Similarly, such caches can also be used when instantiating NanoEvents:

cache = LRUCache(int(1e8), lambda a: a.nbytes)
factory = NanoEventsFactory.from_root(
    filename,
    runtime_cache=cache,
    entry_stop=10000,
    metadata={"dataset": "SomeDataset"},
)
events = factory.events()

View full answer

nsmith- · 2021-03-11T03:00:20Z

nsmith-
Mar 11, 2021
Maintainer

The cachetools package (which is a chained dependency of coffea) provides several options. Here is one example, using the awkward nbytes feature:

from cachetools import LRUCache
cache = LRUCache(1_000_000, lambda a: a.nbytes)
jets = jec_factory.build(jets, lazy_cache=cache)

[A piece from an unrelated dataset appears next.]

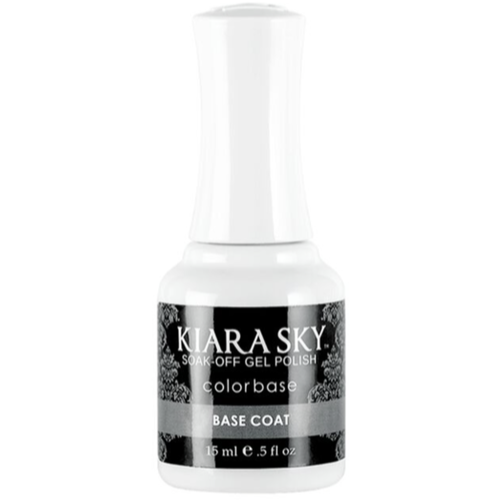 Kiara Sky | Base Coat [0.5 oz]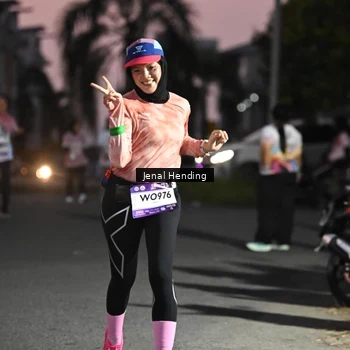 Runner Photo 7679351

Similarly, such caches can also be used when instantiating NanoEvents:

cache = LRUCache(int(1e8), lambda a: a.nbytes)
factory = NanoEventsFactory.from_root(
    filename,
    runtime_cache=cache,
    entry_stop=10000,
    metadata={"dataset": "SomeDataset"},
)
events = factory.events()

0 replies

kondratyevd · 2021-03-11T18:42:41Z

kondratyevd
Mar 11, 2021
Author

Okay, so I investigated this a bit more, and I came to the conclusion that the memory consumption is "real", i.e. the memory usage does not blow up uncontrollably.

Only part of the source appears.